Today we take two steps toward
engaging God in all of the unpredictable, wild freedom and love that we see and
know in Jesus. We’re celebrating
resurrection (as we do each Sunday) by gathering, with Jesus, at his
table. Jesus’s table is a resurrection
table. It’s a meal at which we take on
the abundance and compassion and forgiveness and freedom that Easter, even its
terrifying aspects, announces. Death
could stop neither God nor Jesus. It
cannot stop us, either. We gather at
Jesus’s table to share the bread and wine of forgiveness and freedom with each
other, to nourish ourselves for living new risen life on God’s terms. This may look like a decorous sacramental
rite. But it’s really a dangerous
resurrection feast. When you come to
this table, you will be changed. You
will leave the experience a new person—one who has been embraced by God
completely for who you are, as you are.
We take the other step toward
engaging God when we come forward for healing.
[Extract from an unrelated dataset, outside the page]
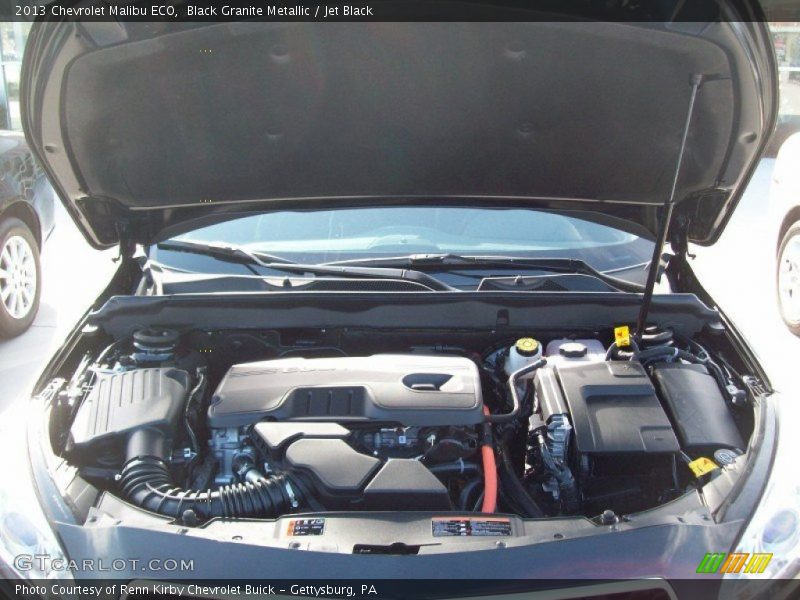 Black Granite Metallic / Jet Black 2013 Chevrolet Malibu ECO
In laying hands on those who came to him, Jesus showed that God wants
all human beings to experience life in the fullness of its abundance and grace. In laying hands on those who came to him,
Jesus declared that our brokenness does not need to define us. Our brokenness
is our ticket of entry to that table where all who sit around it with Jesus
know themselves to be broken too. At
Easter, our brokenness ceases to be a badge of defeat. It’s now a sign of our oneness with God and
each other in Jesus.
Today is the Third Sunday of
Easter. Today is our Healing
Service. God’s word of yes, of life, of
hope, of abundance, of joy is spoken to you that you may hear and respond. At my core, I’m a polite Episcopalian, and to
be truthful, talking about life and power and change and brokenness and healing
sometimes scares me, too. Healing is
risky. Change is hard. Handling snakes is dangerous. It’s all a high wire act. But we will survive this high wire act, this
dynamite, and be blessed by it. We can
be healed because Jesus is our healer.
We can be risen because Jesus was risen first. Come forward in hope, come forward in faith,
come forward even in fear. Let God do in
and through you the surprising work you can’t even imagine as you contemplate
it. It may be a bit scary, but it’s also
life-giving. And that new, healed, risen
life is what even our polite form of Christian faith is finally all about. Amen.